◆ **DATA**
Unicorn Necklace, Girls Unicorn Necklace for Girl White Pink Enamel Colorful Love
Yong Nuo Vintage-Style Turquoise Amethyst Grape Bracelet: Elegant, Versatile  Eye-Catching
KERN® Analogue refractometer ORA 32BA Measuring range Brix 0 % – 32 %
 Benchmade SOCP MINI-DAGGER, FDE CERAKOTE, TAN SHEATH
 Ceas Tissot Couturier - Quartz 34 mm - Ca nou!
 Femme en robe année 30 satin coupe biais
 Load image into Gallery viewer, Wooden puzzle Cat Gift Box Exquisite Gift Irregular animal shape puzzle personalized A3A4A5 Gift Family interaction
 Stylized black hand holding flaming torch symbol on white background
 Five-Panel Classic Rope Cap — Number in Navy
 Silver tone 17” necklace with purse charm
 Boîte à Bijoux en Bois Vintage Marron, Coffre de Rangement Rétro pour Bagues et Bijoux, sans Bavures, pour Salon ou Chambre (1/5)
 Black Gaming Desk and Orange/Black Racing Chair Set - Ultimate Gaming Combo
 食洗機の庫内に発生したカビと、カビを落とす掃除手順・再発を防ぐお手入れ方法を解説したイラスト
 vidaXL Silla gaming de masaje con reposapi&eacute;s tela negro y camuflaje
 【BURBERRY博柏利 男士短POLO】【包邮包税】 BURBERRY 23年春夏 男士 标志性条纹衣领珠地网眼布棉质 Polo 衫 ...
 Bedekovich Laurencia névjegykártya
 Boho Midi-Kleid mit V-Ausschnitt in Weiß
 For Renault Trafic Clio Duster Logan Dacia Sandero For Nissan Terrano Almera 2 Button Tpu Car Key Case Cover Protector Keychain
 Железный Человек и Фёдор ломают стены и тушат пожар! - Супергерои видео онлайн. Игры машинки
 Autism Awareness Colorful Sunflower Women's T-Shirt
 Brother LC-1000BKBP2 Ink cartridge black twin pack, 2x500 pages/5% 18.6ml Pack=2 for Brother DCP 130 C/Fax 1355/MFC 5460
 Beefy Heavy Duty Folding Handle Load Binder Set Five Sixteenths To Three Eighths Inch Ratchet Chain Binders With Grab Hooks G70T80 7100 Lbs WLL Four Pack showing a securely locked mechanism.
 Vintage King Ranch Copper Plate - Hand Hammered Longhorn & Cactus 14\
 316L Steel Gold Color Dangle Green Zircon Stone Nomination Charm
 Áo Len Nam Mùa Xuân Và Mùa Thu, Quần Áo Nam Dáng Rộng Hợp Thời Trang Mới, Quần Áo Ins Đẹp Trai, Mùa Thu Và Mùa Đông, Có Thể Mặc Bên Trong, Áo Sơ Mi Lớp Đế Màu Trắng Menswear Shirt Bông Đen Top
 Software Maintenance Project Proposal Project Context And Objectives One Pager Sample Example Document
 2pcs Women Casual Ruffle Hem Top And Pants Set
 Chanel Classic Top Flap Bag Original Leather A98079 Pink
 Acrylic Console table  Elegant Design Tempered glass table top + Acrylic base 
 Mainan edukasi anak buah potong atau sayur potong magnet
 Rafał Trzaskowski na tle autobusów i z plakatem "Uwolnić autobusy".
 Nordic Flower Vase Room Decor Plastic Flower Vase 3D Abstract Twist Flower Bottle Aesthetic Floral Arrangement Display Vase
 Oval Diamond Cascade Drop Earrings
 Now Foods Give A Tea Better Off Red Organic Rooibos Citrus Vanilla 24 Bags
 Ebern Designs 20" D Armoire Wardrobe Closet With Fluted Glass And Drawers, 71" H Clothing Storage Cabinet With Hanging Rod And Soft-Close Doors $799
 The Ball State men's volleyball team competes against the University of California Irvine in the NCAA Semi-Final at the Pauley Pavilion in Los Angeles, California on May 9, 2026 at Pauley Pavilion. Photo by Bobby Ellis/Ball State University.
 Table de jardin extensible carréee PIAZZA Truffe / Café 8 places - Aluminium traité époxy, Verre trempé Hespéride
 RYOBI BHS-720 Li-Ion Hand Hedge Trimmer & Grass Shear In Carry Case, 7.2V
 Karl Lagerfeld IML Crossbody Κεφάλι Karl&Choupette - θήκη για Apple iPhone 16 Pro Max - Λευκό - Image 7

◆ **ABOUT THIS TASK**
Copy out each line of the data in which the word "Classic" appears.

◆ **ANSWER SECTION**
 Five-Panel Classic Rope Cap — Number in Navy
 Chanel Classic Top Flap Bag Original Leather A98079 Pink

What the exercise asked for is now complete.